Amex1
Smoke rises from the explosion site at Mexican national oil company Pemex's Pajaritos petrochemical complex in Coatzacoalcos, Veracruz state, April 20, 2016. Angel Hernandez/Reuters

An explosion rocked a major petrochemical facility of Mexican national oil company Pemex in the Gulf state of Veracruz on Wednesday, killing at least three people and injuring dozens more, senior officials said.

Luis Felipe Puente, head of federal emergency services, told Reuters that three people had died in the blast and as many as 45 were injured. The governor of Veracruz state, Javier Duarte, told local television that more than 60 people were injured.

Pemex said the explosion, which sent a huge, dark plume of smoke billowing into the sky, occurred at the facility's chlorinate 3 plant near the port of Coatzacoalcos, one of the company's top oil export hubs.
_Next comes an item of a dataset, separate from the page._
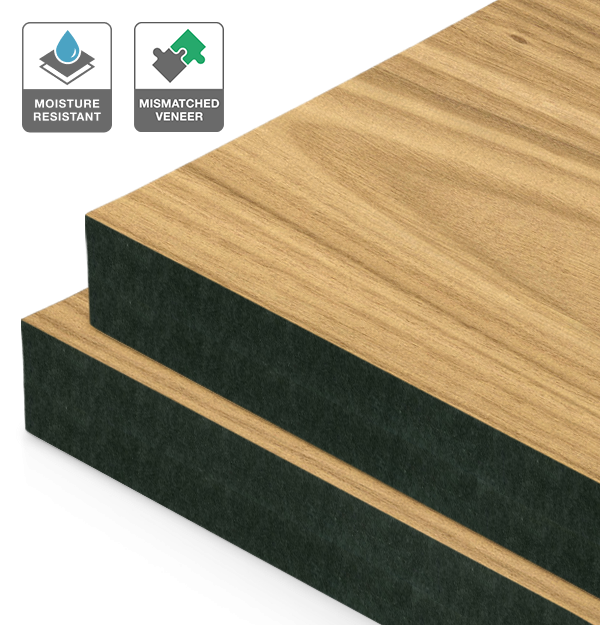 Plantation Oak Veneer Mismatched on Black Moisture Resistant MDF
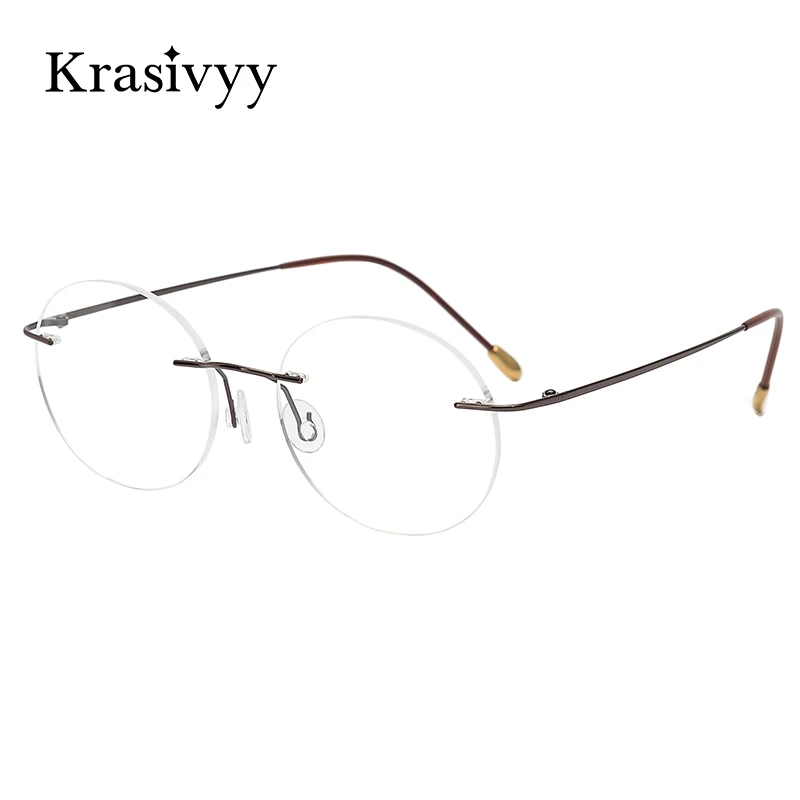 

Красивые безободковые очки из чистого титана, мужские и женские, ультралегкие, европейский бренд, круглые оптические оправы для коррекции зрения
The cause was unclear.

Local emergency officials said hundreds of people had been evacuated from the site. Television footage showed an initial burst of flames followed by a tower of thick smoke. A Pemex official said local oil exports were not affected by the blast.

The incident took place at Petroquimica Mexicana de Vinilo, or PMV, a vinyl petrochemical plant that is a joint venture between Pemex's petrochemical unit and Mexican plastic pipe maker Mexichem.

The plant, operated by Mexichem, is located within Pemex's larger Pajaritos petrochemical complex.

Mexichem said in a brief statement that the explosion occurred in an ethylene unit at the plant. The company could not be immediately reached for further comment.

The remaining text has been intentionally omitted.